Für ihre sechzehn Jahre hatte Amberly eine ruhige, aber energisch durchdringende Art, der man nur schwer widersprechen konnte. Daher hatte ich es gelassen und ihre Worte so angenommen, wie sie waren. Dankbar, freundlich und aufbauend. Dann war Soulin zurückgekommen und wir hatten das Thema gewechselt. Neben den beiden war Luna, meine früher Lehrerin, oft an meinem Bett erschienen und hatte mich mit lustigen Geschichten von den Hexenkindern abgelenkt. Luna lebte dafür, die Kleinsten von uns mit ihrer Windmagie ein Lächeln auf das Gesicht zu zaubern. Wie oft hatte ich versucht fliegende Blüten oder Blätter zu fangen, wenn Luna uns früher in Mums Haus besucht hatte? Das war einer meiner frühesten Kindheitserinnerungen an sie.

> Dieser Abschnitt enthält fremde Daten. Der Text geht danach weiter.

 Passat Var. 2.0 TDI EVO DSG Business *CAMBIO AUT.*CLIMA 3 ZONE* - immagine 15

Neben meinen Freundinnen hatte sich einmal Jeromei oder sogar Nyle eines Abends zu mir geschlichen. Obwohl ich mich unglaublich gefreut hatte, meinen Bruder unversehrt zu sehen, hatte ich ihn bald wieder weggeschickt, damit ihn niemand bei mir entdeckte. Sicher war sicher. Es gab sowieso schon zu viel Getuschel, wegen meiner Besuche im Jungenwohnheim. Außerdem hatte ich schon das eine oder andere Mal gehört, wie Väter oder Brüder in andere Ausbildungsstätten im Land geschickt worden waren, wenn sich eine Hexe zu eng an einen gebunden hatte. Es störte das hierarchische Gefüge der Hexengesellschafft, - was immer das heißen sollte - in der weibliche Hexen herrschten, weil sie diejenigen mit der Magie waren. Ich wollte nicht von Nyle getrennt werden. Bestimmt nicht.

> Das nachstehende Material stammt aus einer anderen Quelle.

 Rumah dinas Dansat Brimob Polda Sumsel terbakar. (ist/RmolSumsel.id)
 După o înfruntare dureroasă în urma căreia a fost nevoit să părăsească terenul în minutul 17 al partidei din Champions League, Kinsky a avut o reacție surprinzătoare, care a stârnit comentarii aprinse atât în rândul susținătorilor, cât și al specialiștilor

„Wir sind gleich da", informierte mich in diesem Moment eine Hexe, die mich durch das Weiße Haus Salem führte. „Oberhexe General Lilianna wird nicht warten wollen. Ihre Zeit ist begrenzt."

Damit riss sie mich aus den Erinnerungen und machte mir klar, wie bedeutsam das bevorstehende Treffen war. Nichtsdestotrotz musste ich mir auf die Zunge beißen, um keinen Kommentar abzugeben. Immerhin hatte nicht ich um dieses Treffen gebeten, sondern wurde hierher beordert. Es fühlte sich an, als hätte ich etwas angestellt und wäre zum Direktor nach Washington DC zitiert worden. Gegen dieses Gefühl half auch die schicke, ehrfurchtserregende Umgebung nichts. Golden gerahmte Bilder über die Geschichte des Landes hingen an den cremefarbenen Wänden, Mahagonitische und Stühle mit roten Samtbezug standen in Nischen zusammen und luden zum Verweilen ein. Marmorsäulen säumten einzelne Hallen und ein roter, dicker Läufer schlängelte sich vom Eingang über die Treppen hinauf bis hierher, zur Tür des Büros des Generals, und bedeckte damit einen teuren, weißen Marmorboden. Hier waren wir also, im Herzen der Macht. Mir wurde leicht übel.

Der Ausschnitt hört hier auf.